# Stateless Processing
Stateless processing is where each record is processed independently.

### Configure SparkSession with required dependencies

In [None]:
from pyspark.sql import SparkSession

spark = SparkSession.builder \
    .appName("Spark Structured Streaming Application")  \
    .config("spark.sql.shuffle.partitions", "2")    \
    .config("spark.sql.streaming.forceDeleteTempCheckpointLocation", "true")    \
    .config("spark.sql.streaming.checkpointLocation", "notebook_data/w09/checkpoints/example_01")    \
	.config('spark.jars.packages', 'io.delta:delta-spark_2.12:3.2.0')	\
	.config('spark.sql.extensions', 'io.delta.sql.DeltaSparkSessionExtension')	\
	.config('spark.sql.catalog.spark_catalog', 'org.apache.spark.sql.delta.catalog.DeltaCatalog')	\
    .getOrCreate()

In [None]:

# Read streaming data from a folder
input_path = "notebook_data/w09/data/input"
schema = "id INT, name STRING, age INT, event_time timestamp"

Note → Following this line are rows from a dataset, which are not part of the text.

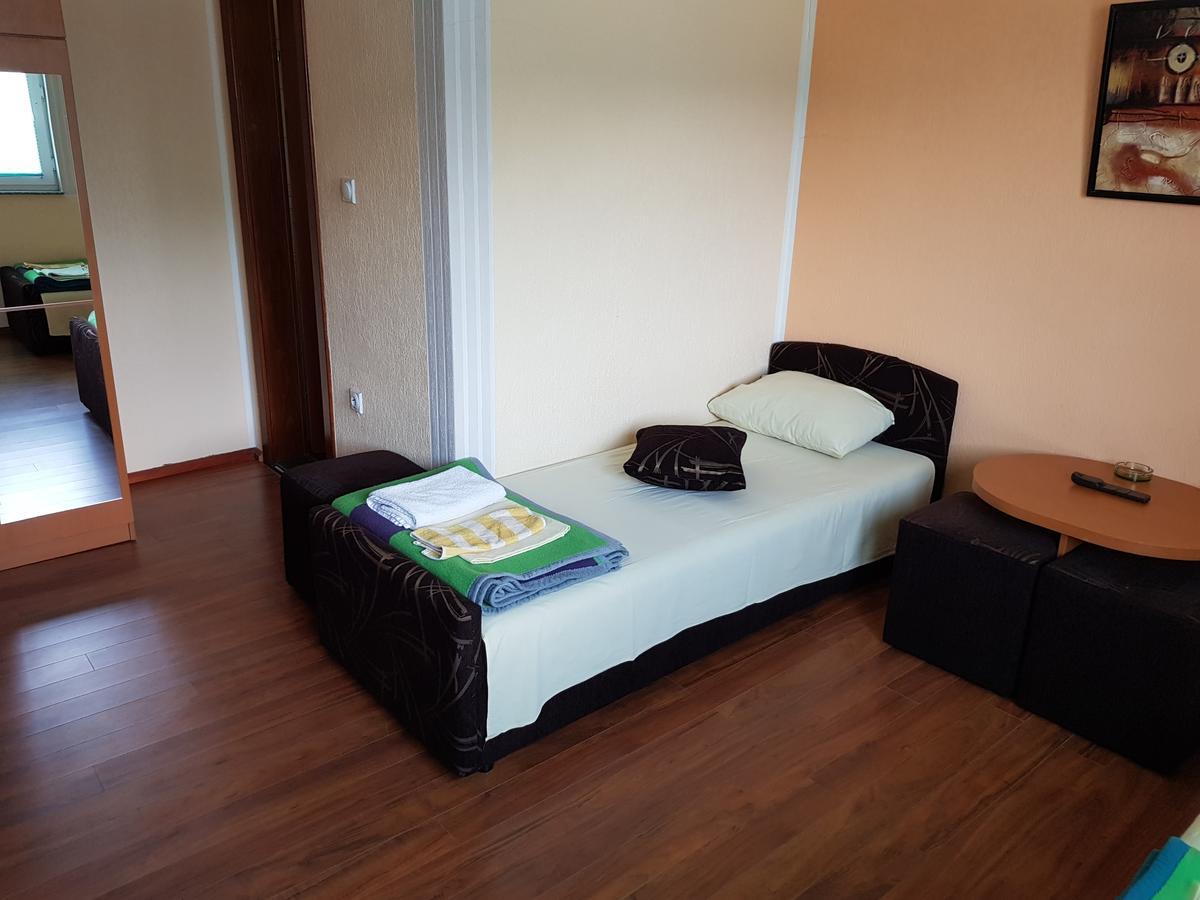 Pansion Basa Ustikolina Exterior foto
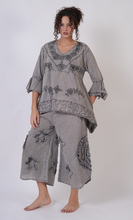 Load image into Gallery viewer, SS26 PAPERLACE CROP PANT
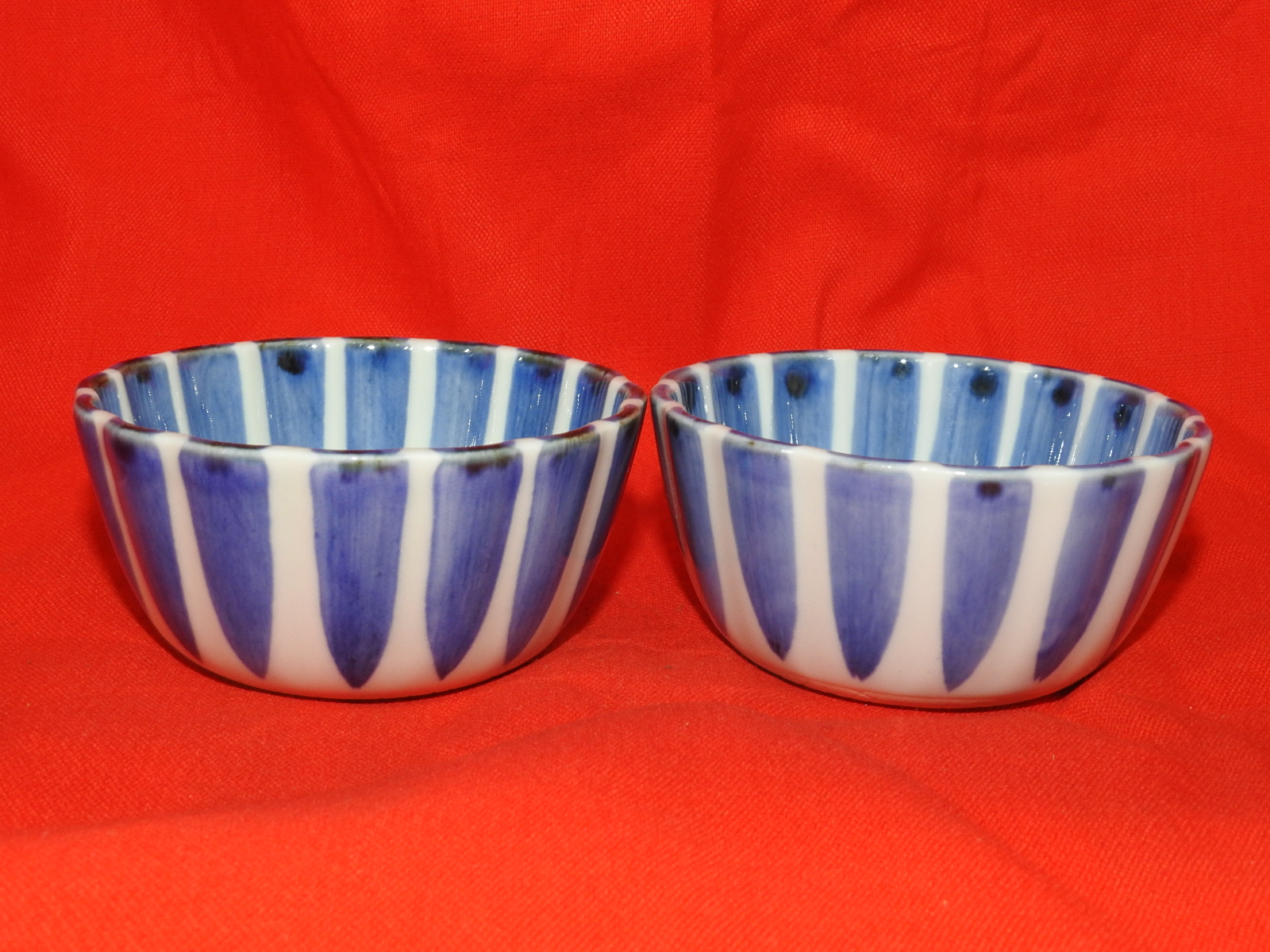 청화백자 추상줄문 완 2점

### Read Stream from CSV source

In [None]:
df = spark.readStream \
    .format("csv") \
    .option("header", "true") \
    .schema(schema) \
    .load(input_path)

In [None]:
from pyspark.sql.functions import col

### Write Stream to Console (for debugging) with filter
Console Sink

In [None]:
# Stateless operation: Filter rows where age > 18
# Console Sink supports all output modes: append / complete / update
# change the outputMode to see the differences

query = df.filter(col("age") > 18)	\
	.writeStream \
    .format("console") \
    .outputMode("append") \
    .start()

### Print Stream to Standard Output (for debugging)
Foreach Sink

In [None]:
# Define a function to process each batch
def process_batch(batch_df, batch_id):
    # Convert the Spark DataFrame to a Pandas DataFrame for easier printing
    pandas_df = batch_df.toPandas()
    print(f"Batch ID: {batch_id}")
    print(pandas_df)

In [None]:

# Use foreachBatch to apply the function to each micro-batch
# Foreach Sink supports all output modes: append / complete / update
# change the outputMode to see the differences

query_01 = df.filter(col("age") > 18).writeStream \
    .foreachBatch(process_batch) \
    .outputMode("append") \
    .start()

### Write Stream to Memory Sink (for debugging)
Memory Sink

In [None]:
# Memory Sink supports all output modes: append / complete / update
# change the outputMode to see the differences

query_02 = df.writeStream.format("memory").outputMode("update").queryName("tmp_streaming_tbl").start()

In [None]:
spark.sql("select * from tmp_streaming_tbl").show()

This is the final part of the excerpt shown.